People are people, not diseases or disabilities

sharonholz

 Panorama spoke to SHARON HOLZ, a Community Connector with the Physical Disability Council of NSW (PDCN) about what made her interested in Mental Health First Aid. We discovered that people with a lived experience of different categories of disability have a lot more in common with one another than they might think!

SHARON: “I never stop learning from the people I have met. I am in awe of what people can achieve. It is important that people with different types of disabilities come to know each others’ challenges.

“As a community connector I work with people who have physical disabilities and also with people who have an intellectual disability. I also come across people with mental health issues, too. That is one reason why I recently did the Mental Health First Aid course. You never know; one day you might have the opportunity to help!”

Self-Belief

“Everybody has a gift or asset, something they have that they can teach the world. Though it might take some time, you can have a life you’re happy with.
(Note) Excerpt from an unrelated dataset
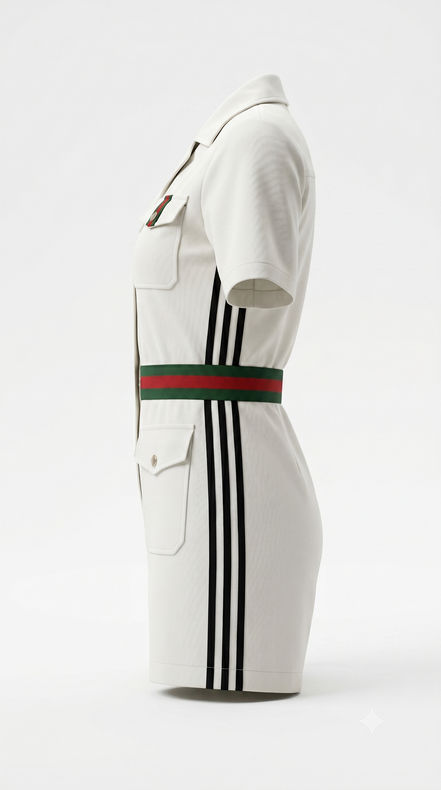Gucci x adidas Short Jumpsuit White "Unworn"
“People cannot be defined by disability. To me, the person comes first. Disability is an afterthought. Lack of confidence and self-belief can be a big barrier to flourishing. At PDCN, we aim to foster self-belief so that people can move on with a fulfilling life. Just because a person has challenges doesn’t mean they don’t have the same hopes and dreams and wishes as others. So why not build their capacity so that they come to believe in themselves?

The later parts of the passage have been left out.